Re: panic on one cpu leaves others running...

From: Robert Watson <rwatson_at_freebsd.org> Date: Thu, 8 Apr 2004 11:51:24 -0400 (EDT) · This archive was generated by hypermail 2.4.0 : Wed May 19 2021 - 11:37:50 UTC

On Thu, 8 Apr 2004, Marcel Moolenaar wrote:

> On Thu, Apr 08, 2004 at 09:43:06AM -0400, Robert Watson wrote:
> > 
> > On Wed, 7 Apr 2004, Marcel Moolenaar wrote:
> > 
> > > On Thu, Apr 08, 2004 at 12:13:39AM -0400, Robert Watson wrote:
> > > > 
> > > > Funky, eh?  I thought we used to have code to ipi the other cpu's and halt
> > > > them until the cpu in ddb was out agian.  I guess I mis-remember, or that
> > > > code is broken...
> > > 
> > > You remember correctly.
> > 
> > And it's still going this morning:
> *snip*
> > Apr  8 13:39:30  sm-mta[4707]: i3879Tjc003922: SYSERR(root): cannot
> > flock(/etc/mail/aliases, fd=5, type=1, omode=40000, euid=0): Operation not
> > supported
> > 
> > Debugger(c07c3990) at Debugger+0x46
> > db> 
> 
> Do you have SMP and/or made modifications to <machine/smptests.h>? 
> What's pcpu->pc_other_cpus and what is stopped_cpus currently? 

No changes to smptests.h.

Unfortunately, I don't have access to serial gdb for this box, and causing
a dump might well change all that, so I only have the value of
stopped_cpus:

db> print stopped_cpus
c0950594
db> print *stopped_cpus
       d

> > Presumably in large part because I'm in code that doesn't require Giant,
> > so there are no lock conflicts.
> 
> I don't think that's the case.
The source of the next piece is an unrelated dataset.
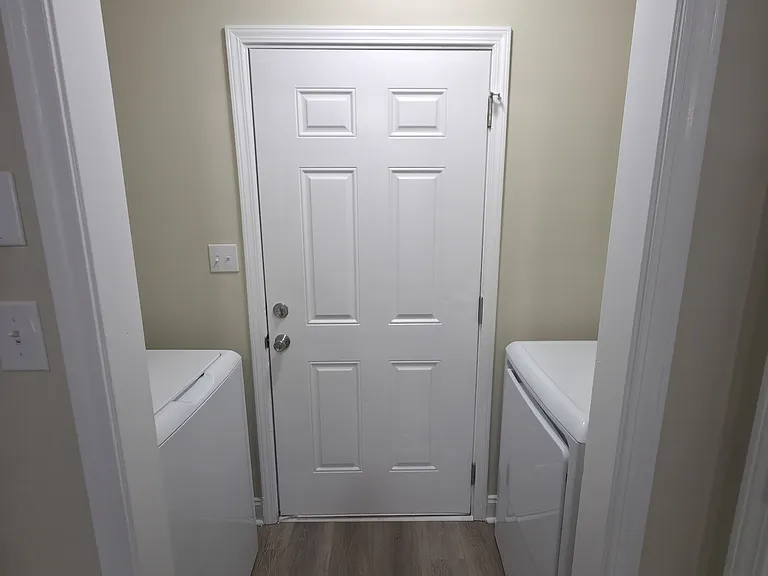 291 Westchester Cir #1 — Photo 14
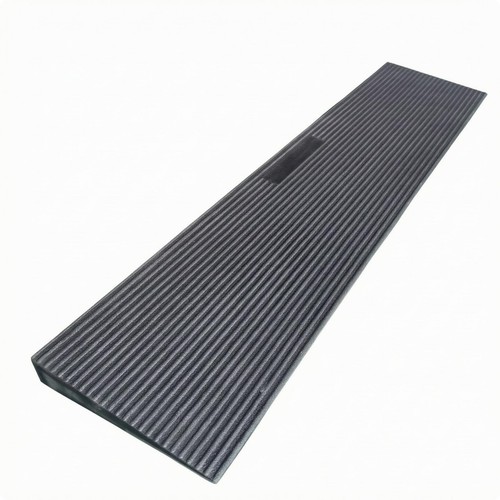 Wedge ramp with grooved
It think we're just not stopping the CPUs
> or keep them stopped. 

I agree with that interpretation -- I was suggesting that the reason this
problem might not be noticed is that a lot of our code paths require
Giant, and it's only when you panic in code without Giant that 

> 
> This is all a hunch and I have no way to test this myself... 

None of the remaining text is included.